January 19, 2000

Locked out: Life's cruel twist of fate

By GARRETT LEIVA
Herald editor
      Rare as they are, life has those moments when you can actually hear the rushing sound of fate before it cuffs you with a backhand slap to the head. It also sounds just like a car door slamming when the keys are in the ignition.
      Locking yourself out of your own vehicle is one of life's crueler moments. Where the planets align in a synapse of realization not unlike the look on Gregory Peck's face when he finds the mark of the beast and not dandruff on Damion's scalp.
      Personally, I can't help smiling.
      Now I could kick the tires or sob uncontrollably on the hood, but I find bitter irony - well, kind of funny. Of course staring into the window of an idling Jeep to find the heat on full-blast, a dog asleep on the passenger seat, the gas gauge reading a tenth of a gallon and the keys in the ignition - all while you shiver in 20 degree temperatures- makes you incline to crack a wry smile rather than double over from belly laugh induced abdominal cramps.
      Like many previous such catastrophes, my latest locked out episode was self-inflicted. A moment of absentmindedness followed by the perfect clarity of your own stupidity. Even the dog stared at me in disbelief before closing her eyes and falling back asleep.
      Now when it comes to locking yourself out of the car and the keys in it, most would-be drivers typically go through five stages of grieving over their misfortune.
      First there is the denial that you could have pulled such a bone-headed move. You circle the vehicle lifting up each door handle, expecting full well one will swing open. Even when you lift up on the driver's side handle for the twentieth time, a part of you is still stunned that the door won't budge.
      After a few 'doe-in-the-headlight' minutes, however, your blank stare becomes filled with broken blood vessel rage. You rant, you rave, you string together obscenities with tenses that make no sense grammatically. You might even create matching dents in the rear quarter panels.

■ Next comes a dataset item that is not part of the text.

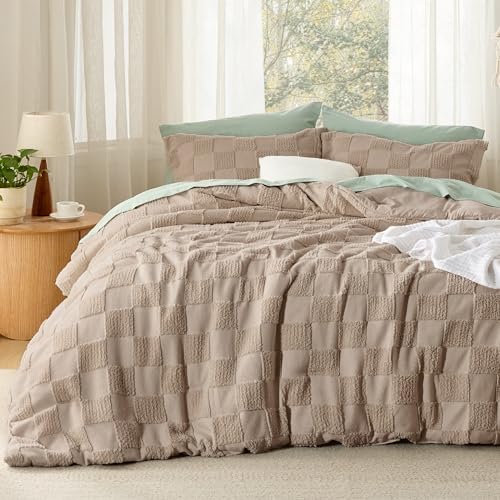 Bedsure Twin/Twin XL Size Comforter Set Khaki, Boho Tufted Bed Set, Checkered Farmhouse-Style Distressed Vintage Bedding, 2 Pieces, 1 Plaid Geometric Comforter and 1 Pillow Sham - color: 01 - Khaki - Tufted Checkboard, size: Twin/Twin XL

      Then it hits you - guilt. Especially if you're from the Midwest and you ask someone to pass the salt by first offering an apology. You should have gone to the hardware store and had a spare key made. You should have placed that magnetic key box, with the spare key from the hardware store, under the bumper like your father told you. Then you begin bargaining: 'Please God, just this once let me levitate the car keys through the driver's side window.'
      After your request goes unanswered- standing there in the 24-hour grocery store parking lot- you experience utter depression. For all those lost moments in life, when you watched yourself in NFL slow motion instant replay shut one door of opportunity after another. It is during this epiphany that you fully accept your fate - and the guy from the towing service you called a half-hour ago shows up to jimmy the lock open.
      Now being a man who would rather examine which way the moss grows on a tree before stopping at a gas station to ask for directions, I get hung up on the whole denial thing. Which is why I spent part of last Thursday afternoon in a school parking lot trying to break into my own 1993 Jeep Cherokee with a broken coat hanger. Deep inside the recesses of my cranium, the voice of reason was shouted down by that little voice telling me 'MacGyver' could have built a door key out of this bent wire.
      Luckily, a woman in a nearby minivan took pity on my machismo ineptness and let me use her cellular phone. Fifteen minutes later, with a decimal point of gas and a snoring dog inside the Jeep, my wife pulled up with a smile on her face.
      After a half-hour out in the cold, with a simple turn of a key and in a few seconds I was back in the driver's seat. The dog stood up and stretched before returning to her interrupted nap.
      As I turned down the heater, I swear I still hear the sound of a rushing backhand coming from behind. Although it is probably nothing, I duck my head - just in case.